Em mim, como em muitas pessoas, a trama de A Vida da Gente despertou sentimentos controversos. Mas um deles era o mais forte de todos: o final dos enlaces amorosos era algo em segundo plano. Pra mim, importava saber que as irmãs Ana e Manuela teriam seu amor e sua amizade reatadas, apesar de todas as mágoas construídas. O que se apresenta como minha forma de ver as relações. Se histórias de irmãos são meu ponto fraco, a relação de cumplicidade e transmissão de pensamento existente entre Ana e Manu se configurava como o sentimento mais forte existente naquela novela. Um laço que, apesar de ter sido danificado, jamais poderia ser rompido. E, certamente, minha cena predileta foi a reconciliação das duas irmãs.
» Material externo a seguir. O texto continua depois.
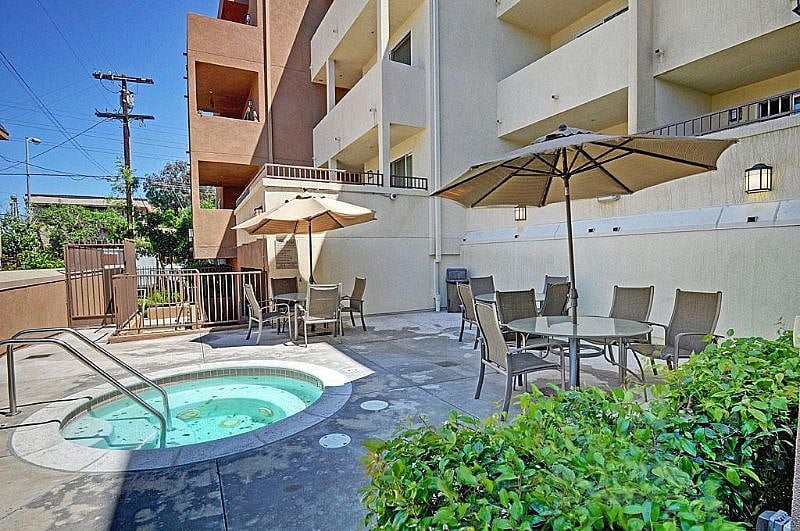 Furnished Finder property 259939_2 photo 17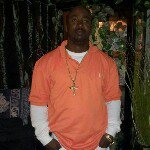 Robert Noel - @2pacisback - Instagram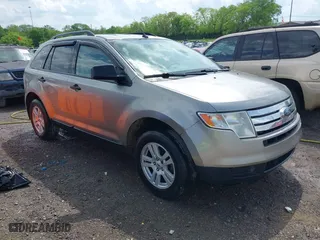 2008 Ford Edge SE with VIN 2FMDK36C48BA67687, listed as a IAAI auction lot 42068301 with 196,987 mi miles. Bid and sale history available at carsss.com. Image 1.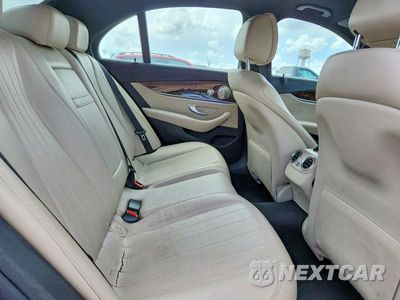 Zdjęcie 37 z 48 samochodu: 2017 MERCEDES-BENZ E 300 4MATIC VIN:WDDZF4KB6HA012791 - miniatura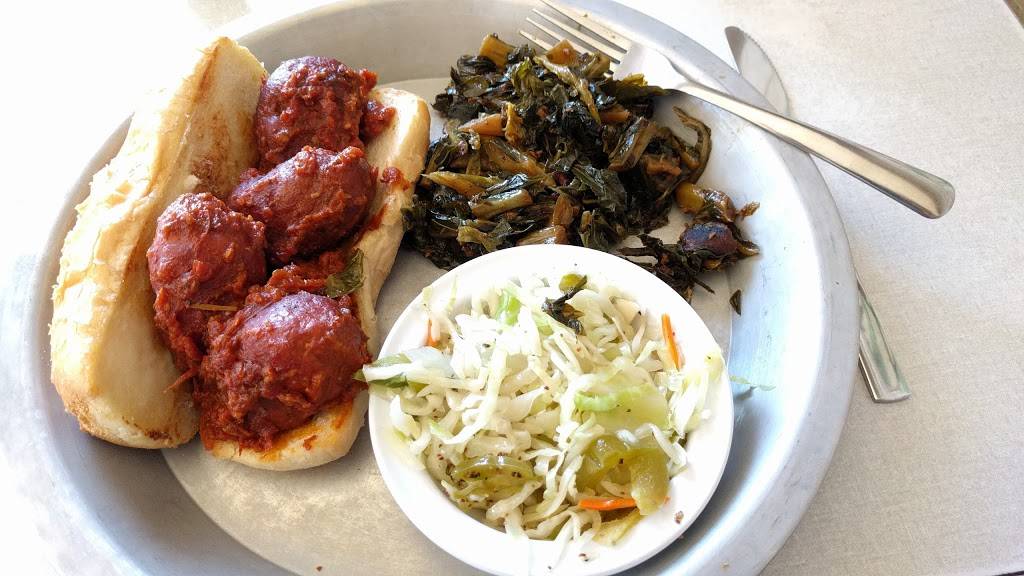 12 Bones Smokehouse RIVER | restaurant | 5 Foundy Street Suite 10 Suite 10, Asheville, NC 28801, USA | 8282534499 OR +1 828-253-4499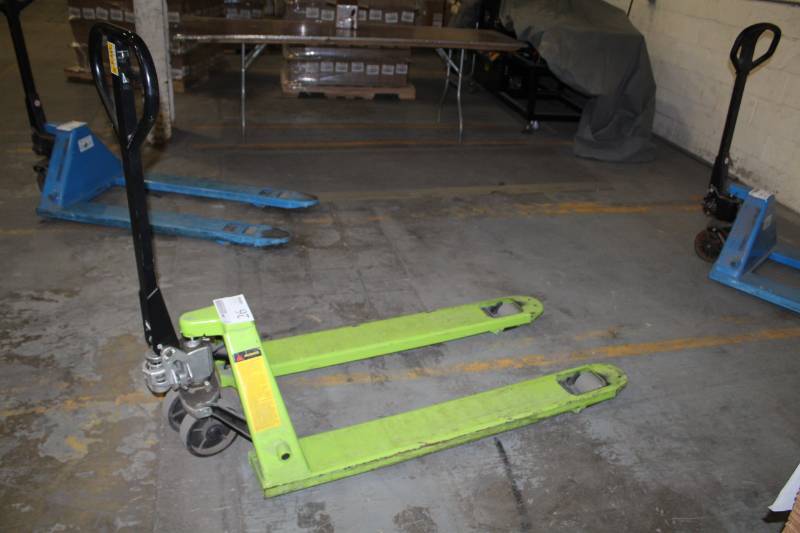 lot 26 image: 2013 AC Hand Pallet Truck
Tudo isso me leva a pensar que A Vida da Gente foi, na verdade, uma parábola sobre o afeto. Afeto: o sentimento que é a sutura das relações familiares na atualidade, onde não necessariamente os laços sanguíneos são a coisa mais importante. Família é um ato de adoção. Irmãos, consequentemente, são construções que nascem no afeto, muito mais que no sangue. E o que existia entre Ana e Manu transcendia o fato de serem filhas de Eva, e se configurava em algo muito maior. Algo que nem mesmo os amores vividos por elas, o fato de estarem apaixonadas pelo mesmo homem, apesar de capaz de abalar, jamais poderia romper.

Meu desejo, hoje, é o de vida longa, como disse o grande Vitor de Oliveira, à Lícia da Gente! Que venham mais histórias bonitas, sensíveis, sobre os sentimentos mais nobres existentes entre as pessoas: amor, amizade, cumplicidade e afeto.